━━━ Data to use
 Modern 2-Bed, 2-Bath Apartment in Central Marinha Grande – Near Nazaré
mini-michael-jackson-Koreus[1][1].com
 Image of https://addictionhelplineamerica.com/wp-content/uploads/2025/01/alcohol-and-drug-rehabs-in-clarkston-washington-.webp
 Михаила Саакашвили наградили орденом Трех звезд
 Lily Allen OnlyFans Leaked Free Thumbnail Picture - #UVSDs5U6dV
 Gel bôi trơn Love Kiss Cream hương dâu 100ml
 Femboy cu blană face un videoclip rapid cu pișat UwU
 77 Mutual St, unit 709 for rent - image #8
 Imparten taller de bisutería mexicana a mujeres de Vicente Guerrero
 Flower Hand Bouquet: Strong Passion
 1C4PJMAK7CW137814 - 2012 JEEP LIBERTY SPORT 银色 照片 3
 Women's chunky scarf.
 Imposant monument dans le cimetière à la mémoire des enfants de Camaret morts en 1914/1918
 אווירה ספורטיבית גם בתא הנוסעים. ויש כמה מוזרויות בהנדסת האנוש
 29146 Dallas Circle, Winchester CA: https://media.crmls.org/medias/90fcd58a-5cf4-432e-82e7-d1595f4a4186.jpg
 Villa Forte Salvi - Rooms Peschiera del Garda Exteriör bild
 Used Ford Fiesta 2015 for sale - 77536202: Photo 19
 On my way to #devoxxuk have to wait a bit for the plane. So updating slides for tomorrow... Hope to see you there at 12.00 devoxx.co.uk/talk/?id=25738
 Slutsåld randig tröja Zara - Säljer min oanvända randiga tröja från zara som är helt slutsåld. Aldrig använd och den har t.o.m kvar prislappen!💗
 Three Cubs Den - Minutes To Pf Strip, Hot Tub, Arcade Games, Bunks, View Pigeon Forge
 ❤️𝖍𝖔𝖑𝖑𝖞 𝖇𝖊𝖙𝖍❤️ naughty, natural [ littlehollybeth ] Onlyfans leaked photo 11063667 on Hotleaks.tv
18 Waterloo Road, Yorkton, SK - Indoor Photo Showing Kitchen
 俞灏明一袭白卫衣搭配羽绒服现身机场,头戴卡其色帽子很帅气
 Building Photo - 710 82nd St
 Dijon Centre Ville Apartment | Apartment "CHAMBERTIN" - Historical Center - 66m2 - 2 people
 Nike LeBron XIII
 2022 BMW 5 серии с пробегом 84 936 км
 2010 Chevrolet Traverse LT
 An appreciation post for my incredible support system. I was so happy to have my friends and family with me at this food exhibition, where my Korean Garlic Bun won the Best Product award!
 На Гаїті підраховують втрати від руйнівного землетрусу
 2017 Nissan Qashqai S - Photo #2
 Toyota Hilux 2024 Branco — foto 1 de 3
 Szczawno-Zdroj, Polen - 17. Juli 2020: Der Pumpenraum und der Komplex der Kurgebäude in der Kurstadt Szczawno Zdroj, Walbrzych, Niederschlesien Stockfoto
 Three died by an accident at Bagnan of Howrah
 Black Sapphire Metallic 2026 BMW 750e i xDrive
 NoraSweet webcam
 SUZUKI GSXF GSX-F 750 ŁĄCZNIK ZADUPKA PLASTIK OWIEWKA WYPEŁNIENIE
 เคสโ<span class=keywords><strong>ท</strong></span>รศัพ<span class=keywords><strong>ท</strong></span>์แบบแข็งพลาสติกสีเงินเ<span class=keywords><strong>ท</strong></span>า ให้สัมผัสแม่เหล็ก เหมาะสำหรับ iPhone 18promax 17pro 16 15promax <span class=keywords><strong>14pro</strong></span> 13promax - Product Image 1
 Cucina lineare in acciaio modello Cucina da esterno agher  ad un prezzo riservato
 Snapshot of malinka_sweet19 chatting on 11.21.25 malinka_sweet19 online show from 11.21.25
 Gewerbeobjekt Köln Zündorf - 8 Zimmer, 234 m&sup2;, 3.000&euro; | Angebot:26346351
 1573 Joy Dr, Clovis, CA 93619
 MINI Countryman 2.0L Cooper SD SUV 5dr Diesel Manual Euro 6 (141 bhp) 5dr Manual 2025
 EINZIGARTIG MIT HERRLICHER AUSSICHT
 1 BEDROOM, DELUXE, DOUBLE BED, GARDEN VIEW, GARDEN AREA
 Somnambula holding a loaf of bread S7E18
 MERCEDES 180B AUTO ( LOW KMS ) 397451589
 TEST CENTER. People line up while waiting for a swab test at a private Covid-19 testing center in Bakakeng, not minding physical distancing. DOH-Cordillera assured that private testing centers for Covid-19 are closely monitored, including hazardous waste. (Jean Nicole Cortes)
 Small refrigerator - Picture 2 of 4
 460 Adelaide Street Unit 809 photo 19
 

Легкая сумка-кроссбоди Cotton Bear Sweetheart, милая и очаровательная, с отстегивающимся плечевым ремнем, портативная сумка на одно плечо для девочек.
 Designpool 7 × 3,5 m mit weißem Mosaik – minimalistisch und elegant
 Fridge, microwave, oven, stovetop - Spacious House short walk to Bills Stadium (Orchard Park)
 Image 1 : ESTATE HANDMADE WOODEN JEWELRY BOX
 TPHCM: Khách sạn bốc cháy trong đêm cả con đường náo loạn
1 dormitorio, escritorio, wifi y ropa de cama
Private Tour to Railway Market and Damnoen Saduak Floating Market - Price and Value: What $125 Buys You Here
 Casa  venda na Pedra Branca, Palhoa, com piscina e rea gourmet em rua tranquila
━━━━━━
**Exercise requirements:**
Output each line of the records above exactly, beginning at the first, and stop once the line containing "Lily Allen OnlyFans" has been output.

**Task result:**
 Modern 2-Bed, 2-Bath Apartment in Central Marinha Grande – Near Nazaré
mini-michael-jackson-Koreus[1][1].com
 Image of https://addictionhelplineamerica.com/wp-content/uploads/2025/01/alcohol-and-drug-rehabs-in-clarkston-washington-.webp
 Михаила Саакашвили наградили орденом Трех звезд
 Lily Allen OnlyFans Leaked Free Thumbnail Picture - #UVSDs5U6dV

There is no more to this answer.